The room was large and luxuriously furnished with windows looking out on the Quirinal garden. The Queen seated herself and motioned us to sit. She had beside her a little table with silver smelling bottle and writing materials. She opened the conversation by telling Mrs. Palmer that she had seen her mother-in-law some years ago. Mrs. Palmer thinks she meant Mrs. Bryan, who came to Rome to arrange for the loan of the Queen’s collection of laces for the Chicago World’s Fair. The Queen then turned to me and asked if I had written the book about the Woman’s Department of the Fair, presented to her by our Ambassador, Mr. MacVeagh. When I pleaded guilty, she said, with the prettiest accent:
“Thank you for the book. It is very interesting. I hear the Fair was a great success; many Italians went to Chicago and I have heard much about it. They tell me that the Woman’s Building was beautiful and the Italian exhibit well arranged and much admired.”

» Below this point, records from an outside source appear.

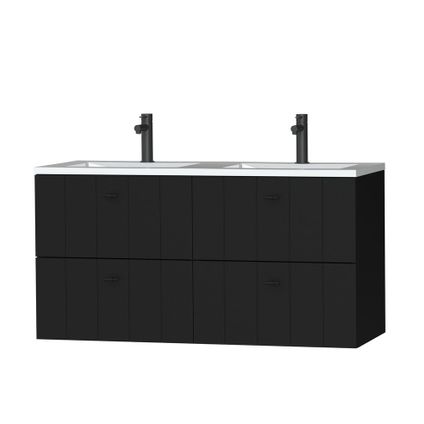 Tiger Maryport Ensemble de meubles 120 cm avec 4 tiroirs Noir mat incluant Quadro vasque Blanc brillant
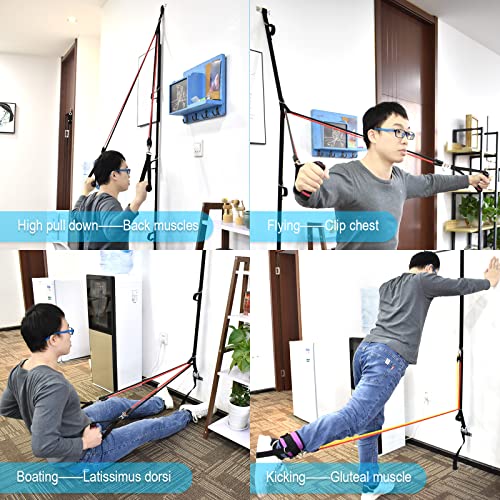 Multi Point Wall Anchor Strap for Resistance Bands Exercises, Door Anchor Strap Loops with 5 Metal D-rings, Wall Anchor Tracks Home Gym Fitness System, Simple & Effective (No Resistance Bands)
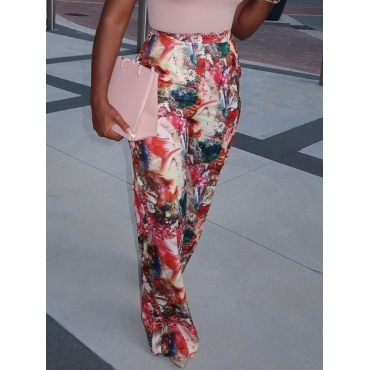 

Lovely Mixed Print Wide Leg Pants, Red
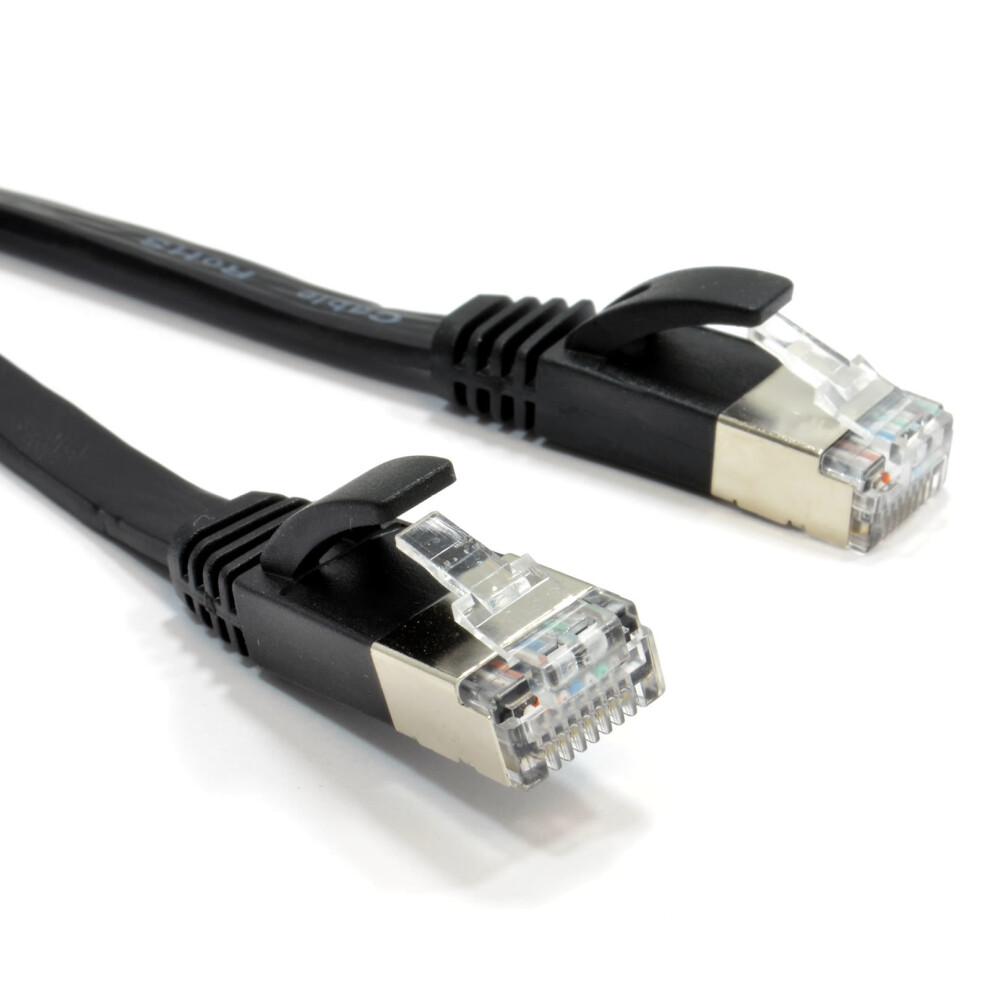 kenable FLAT CAT6A S STP Shielded 500MHz Ethernet LAN Cable RJ45  0.5m BLACK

When we had threshed out the subject of the Fair, there was a pause. In the presence of royalty you must not speak till you are spoken to; this leaves the choice of the topic of conversation to the royal personage. After a moment’s silence the Queen turned to me and asked:
“Are you fond of music?” adding, “It is my greatest pleasure. I had a Steinway piano that I bought in Germany. When Mr. Steinway heard of this he asked me to send it to him and sent me in exchange a piano he thought better. The tone is admirable. The Chickering pianos are also good.” She was evidently aware of the rivalry of the two famous firms.

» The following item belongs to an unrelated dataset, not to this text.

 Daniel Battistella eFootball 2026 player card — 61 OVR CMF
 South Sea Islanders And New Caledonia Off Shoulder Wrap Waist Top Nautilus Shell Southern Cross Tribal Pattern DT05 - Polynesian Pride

The Queen had obviously been prepared for our visit, for she spoke to me chiefly on matters of art.
“Your artists in America are doing very good work,” she said, “and what excellent architects you have. I know that from the pictures of your fine houses I see in the illustrated magazines. I enjoy reading them, the literature is so fresh. We see a great many American ladies here, but few gentlemen. Your men, I hear, are too busy to travel. Two of my ladies in waiting are Americans, so I learn many things about your country.”
She rose, shook hands, “hoped to see us again,” and the audience was over. Taking pains not to turn our backs (it wasn’t easy) we courtesied out of the room with three genuflections as on entering.

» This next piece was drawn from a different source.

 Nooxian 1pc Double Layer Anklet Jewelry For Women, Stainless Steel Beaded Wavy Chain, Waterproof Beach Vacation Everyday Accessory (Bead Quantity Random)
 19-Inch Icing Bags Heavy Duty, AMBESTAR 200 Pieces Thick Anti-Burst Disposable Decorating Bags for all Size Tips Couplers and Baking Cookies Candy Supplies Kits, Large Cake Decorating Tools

When she was young, the Queen was a great beauty; she is still handsome, graceful, charming, and took as much pains to be agreeable as if the whole business of holding audiences with strangers was a pleasure and not the unmitigated grind it must be; still she doubtless calls it part of the day’s work and likes to do it well.
June, 1894. We have taken an apartment close to J.’s studio in an old palace built by Sixtus the Fifth. It looks out upon the Square of St. Peter’s and it has a divine terrace. What a view! The whole of Rome and the Alban Hills, St. Peter’s and the fountains, the Vatican and the windows of the Pope’s private apartments just opposite! At the studio J.’s happy family, a pair of pigeons and a falcon, has an addition in the shape of two pretty kittens.
Queen Margherita is a brave woman. She drives about the town constantly, passing this house twice a day with only a lady in waiting beside her. The scarlet liveries of her coachman and footman make the landau a fine target for the anarchist’s knife or pistol, but the Queen is quite fearless. Crispi laughs at the attempts to kill him, and they have begun to say he has a charmed life. The King looks as if he would like to be in anybody’s boots but his own. Some of Crispi’s acts would have brought about a revolution in any other country; the King alone has prevented this, and the unconscious triumph of his simple, honest character is most impressive. He is not a brilliant man, but he loves his people and Italy better than his own dynasty, which he has not scrupled to jeopardize. Crispi is perfectly sincere in the belief that for the country’s sake his government must continue. Whether he is right is another question. No matter what happens, have no fear for us. The Romans are the peaceablest people in the world. At Milan, Naples, Turin, Florence, there may be some excitement, but the Romans do not interest themselves in what is happening in the world to-day and won’t do so for another generation. You can’t make people free in twenty-five years; it takes at least fifty.